Under \(\pi'\), the posterior is

\[ P'(Y=1 \mid x) = \frac{\pi' p(x \mid Y=1)}{\pi' p(x \mid Y=1) + (1-\pi') p(x \mid Y=0)}. \]

Solving both for the likelihood ratio \(\ell(x) = p(x\mid Y=1)/p(x\mid Y=0)\) and equating,

\[ \ell(x) = \frac{P'(Y=1 \mid x)}{1 - P'(Y=1 \mid x)} \cdot \frac{1 - \pi'}{\pi'} = \frac{P(Y=1\mid x)}{1 - P(Y=1\mid x)} \cdot \frac{1-\pi}{\pi}. \]

Solve for \(P(Y=1\mid x)\):

\[ P(Y=1\mid x) = \frac{P'(Y=1\mid x) \pi (1-\pi')}{P'(Y=1\mid x) \pi (1-\pi') + [1 - P'(Y=1\mid x)](1-\pi) \pi'}. \tag{15.10}\]

This is the prior-correction formula. It expresses the true-population posterior as a monotone transformation of the resampled-population posterior, with parameters \(\pi\) and \(\pi'\).

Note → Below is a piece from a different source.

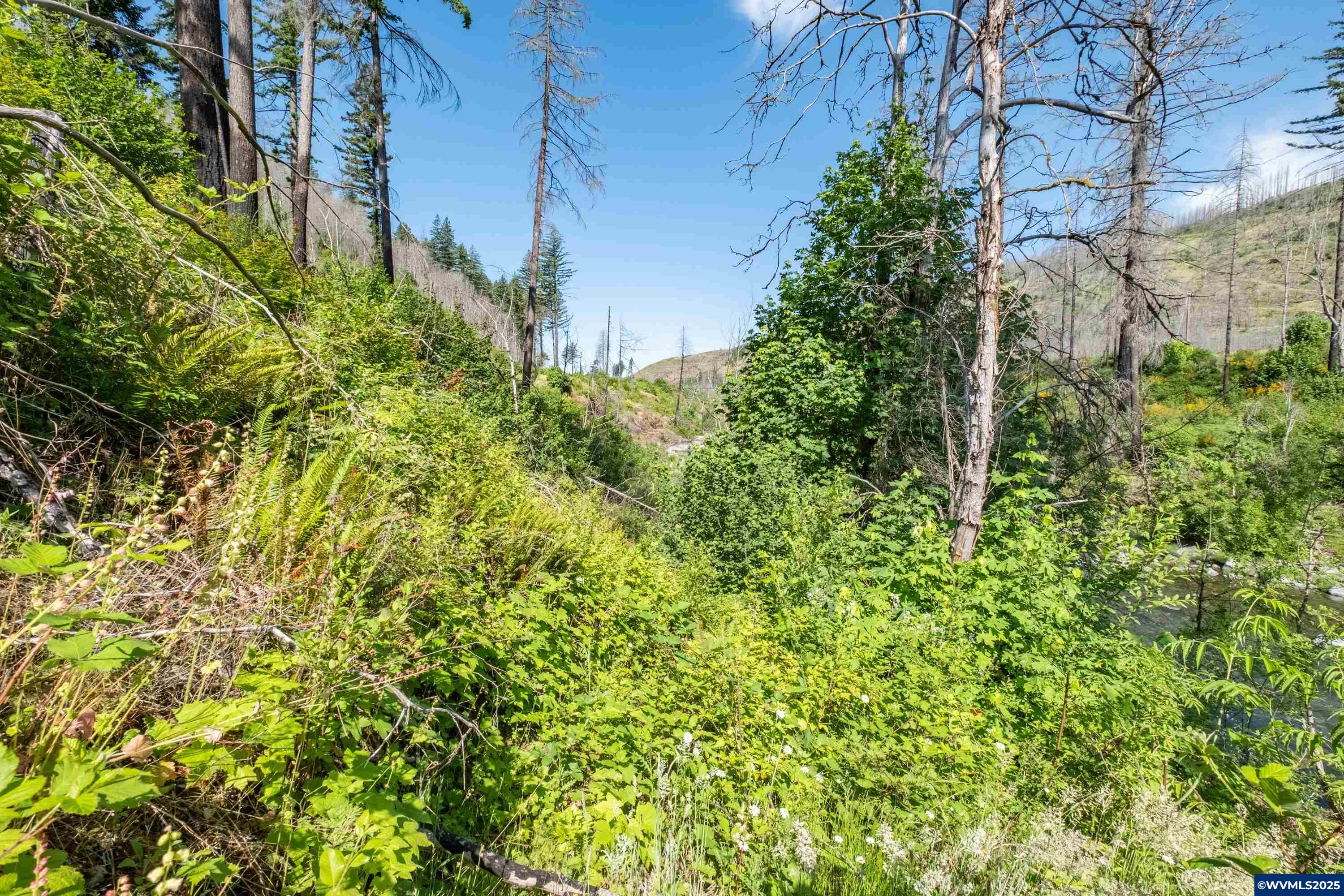 26147 Taylor Park Road Southeast Lyons, OR 97358 - Photo 20 of 25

Under resampling to balanced (\(\pi' = 1/2\)), the correction simplifies:

\[ P(Y=1\mid x) = \frac{P'(Y=1\mid x) \pi}{P'(Y=1\mid x) \pi + [1 - P'(Y=1\mid x)](1-\pi)}. \tag{15.11}\]

At \(P' = 1/2\) the corrected probability is exactly \(\pi\), as required. At \(P' = 0\) or \(P' = 1\) it is 0 or 1, also as required. The formula is implicit in King & Zeng (2001) for rare-events logistic regression; Dal Pozzolo et al. (2015) uses the same construction to recalibrate undersampled classifiers.

15.5.2 Bayes-optimal boundary under prior shift

Thresholding \(P'(Y=1\mid x)\) at \(\tau^* = 1/2\) on the training scale and then rescaling via Eq. 15.11 is equivalent to thresholding \(P(Y=1 \mid x)\) at a shifted threshold \(\tau\) on the deployment scale. Algebra:

\[ \tau = \frac{\tau^* \pi}{\tau^* \pi + (1 - \tau^*)(1 - \pi)}. \tag{15.12}\]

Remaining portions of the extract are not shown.